In May 2016, The Corning Museum of Glass (CMoG) will present the first comprehensive exhibition to explore the relationship between the exquisite works of famed 19th-century glass artists and naturalists Leopold and Rudolf Blaschka and their impact on marine conservation efforts today.
Titled Fragile Legacy: The Marine Invertebrate Models of Leopold and Rudolf Blaschka, the exhibition features more than 70 exquisitely detailed glass models of marine invertebrates and dozens of the Blaschkas’ original drawings of aquatic lifeforms. Taken together, the Blaschkas’ creations serve as a time capsule of the ocean’s past, and provide a critical benchmark for 21st-century scientists trying to determine how many of these species still survive.
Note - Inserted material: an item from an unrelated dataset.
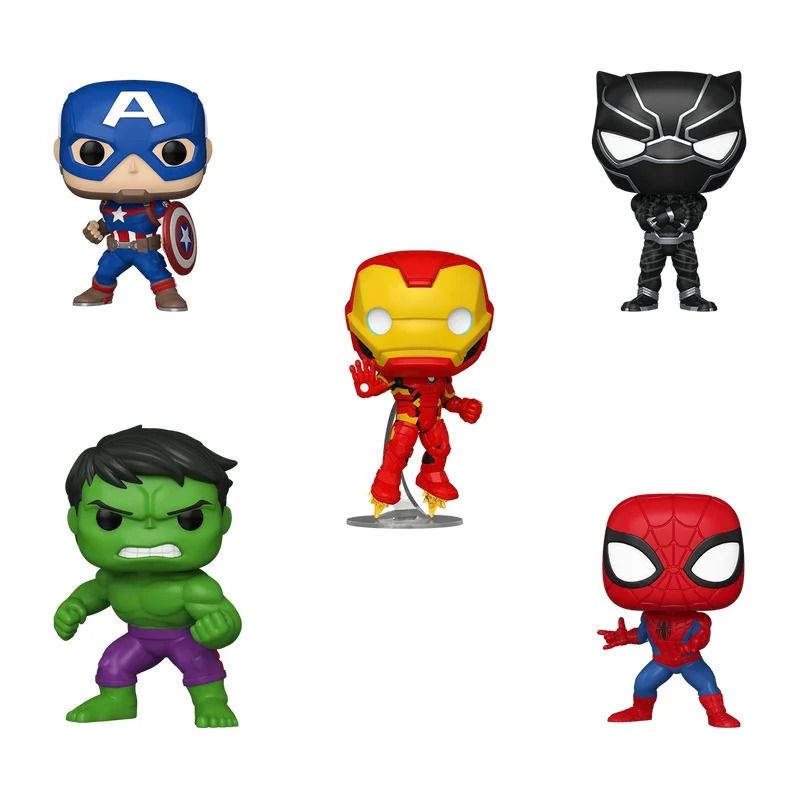 Funko Pop! Movies Marvel - Marvel New Classics 5-pack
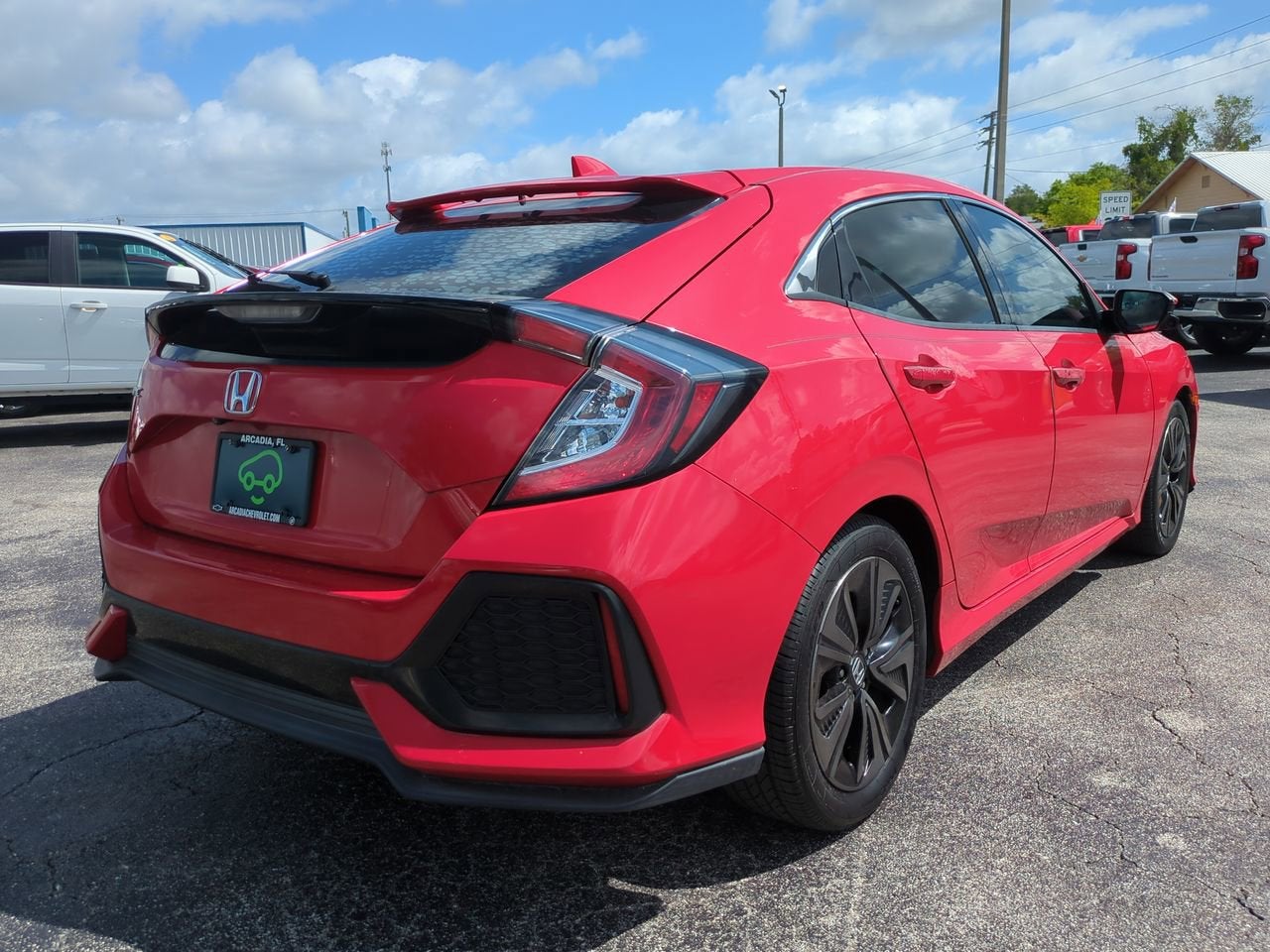 2018 Honda Civic Hatchback EX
On view at CMoG from May 14, 2016 through January 8, 2017, the exhibition will also feature footage taken by two Cornell University researchers who have set out to film living examples of the creatures captured in glass by the Blaschkas more than a century ago.
In April 2016, CMoG will also present Revealing the Invisible: The History of Glass and the Microscope. This exhibition will tell the stories of scientists’ and artists’ explorations of the microscopic world from the early 1600s until the late 1800s, and show how their work drove improvements in scientific glass and the advent of modern scientific glassmaking. Key archival materials from the Museum’s Juliette K. and Leonard S. Rakow Research Library will be featured in the exhibition, alongside historically significant microscopes from external lenders, including an original van Leeuwenhoek microscope—one of only a dozen left in the world. The exhibit will be on view from April 23, 2016 through March 18, 2017.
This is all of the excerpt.